• _Exercise requirements_
The material below should be copied line for line, please, with pictures omitted.

─── Collected material ───

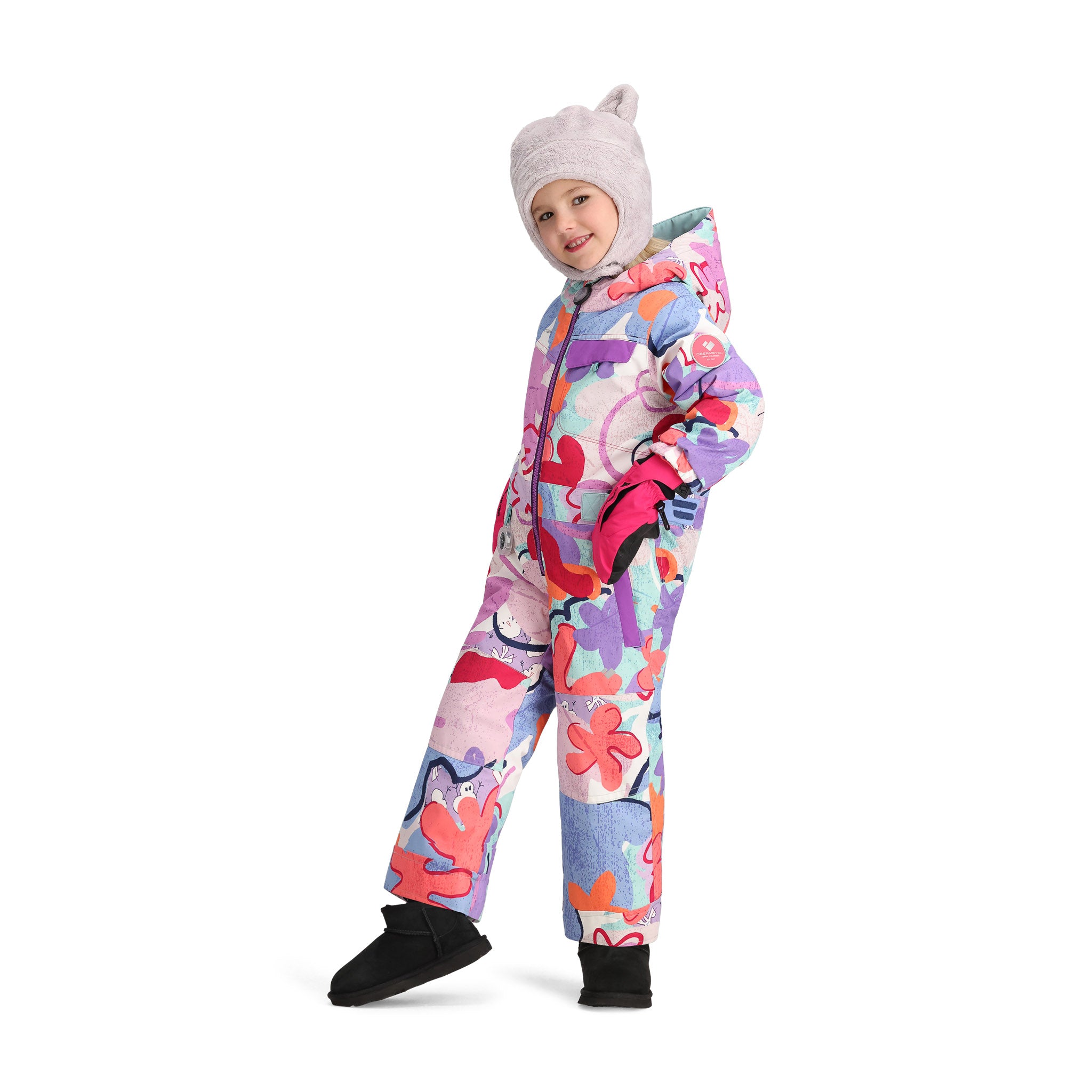 Obermeyer Junior's Quinn Insulated One-Piece Suit 2025 - A pastel blue snowsuit with a white and pink abstract floral pattern, featuring a hood and zip closure.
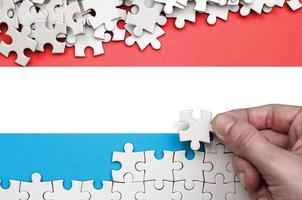 le drapeau luxembourgeois est représenté sur une table sur laquelle la main humaine plie un puzzle de couleur blanche photo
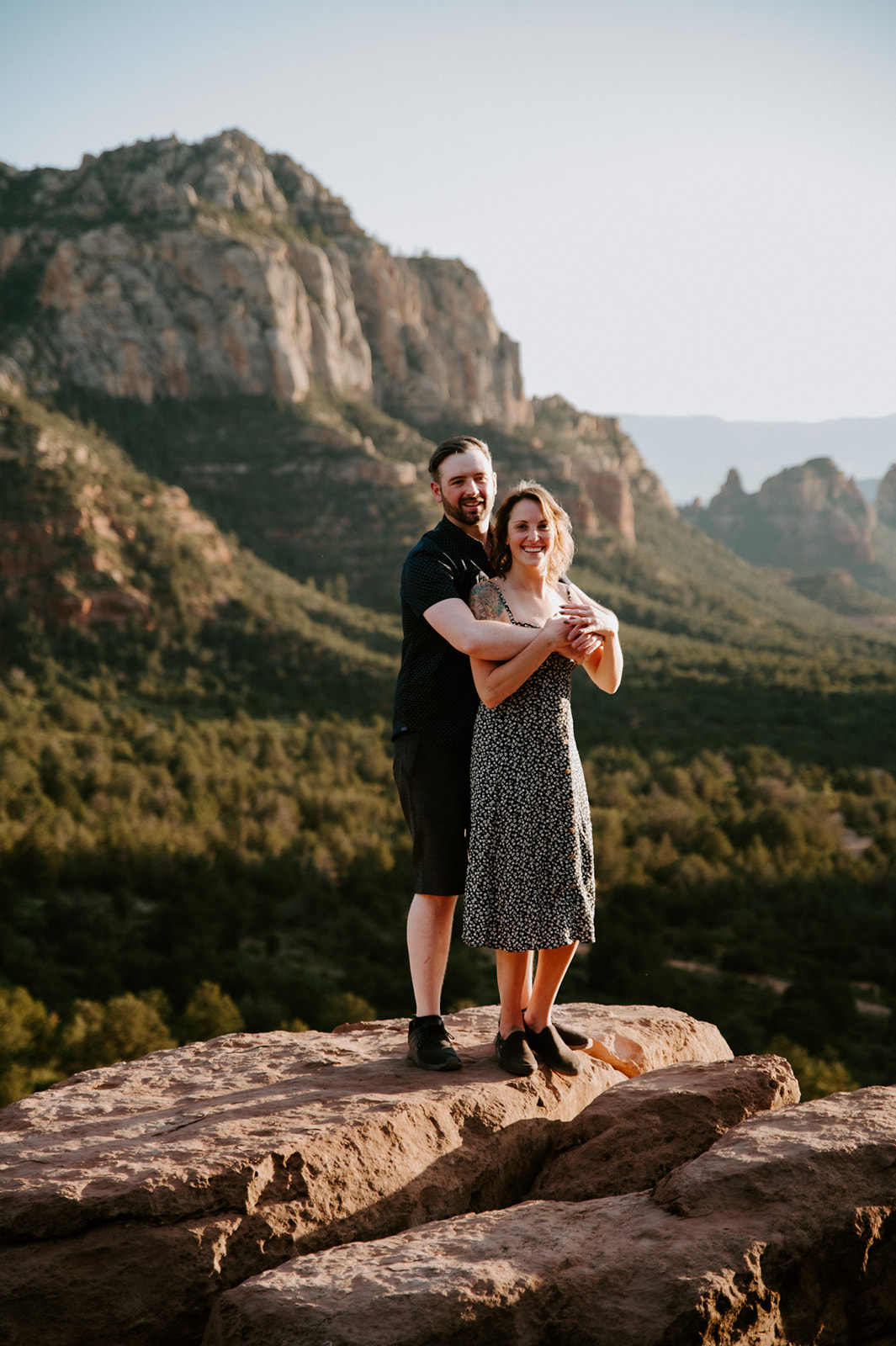 Couple embracing on a sandstone overlook with towering red rock cliffs surrounding Merry Go Round Rock Sedona.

───

• _Exercise result_
 Obermeyer Junior's Quinn Insulated One-Piece Suit 2025 - A pastel blue snowsuit with a white and pink abstract floral pattern, featuring a hood and zip closure.
 le drapeau luxembourgeois est représenté sur une table sur laquelle la main humaine plie un puzzle de couleur blanche photo
 Couple embracing on a sandstone overlook with towering red rock cliffs surrounding Merry Go Round Rock Sedona.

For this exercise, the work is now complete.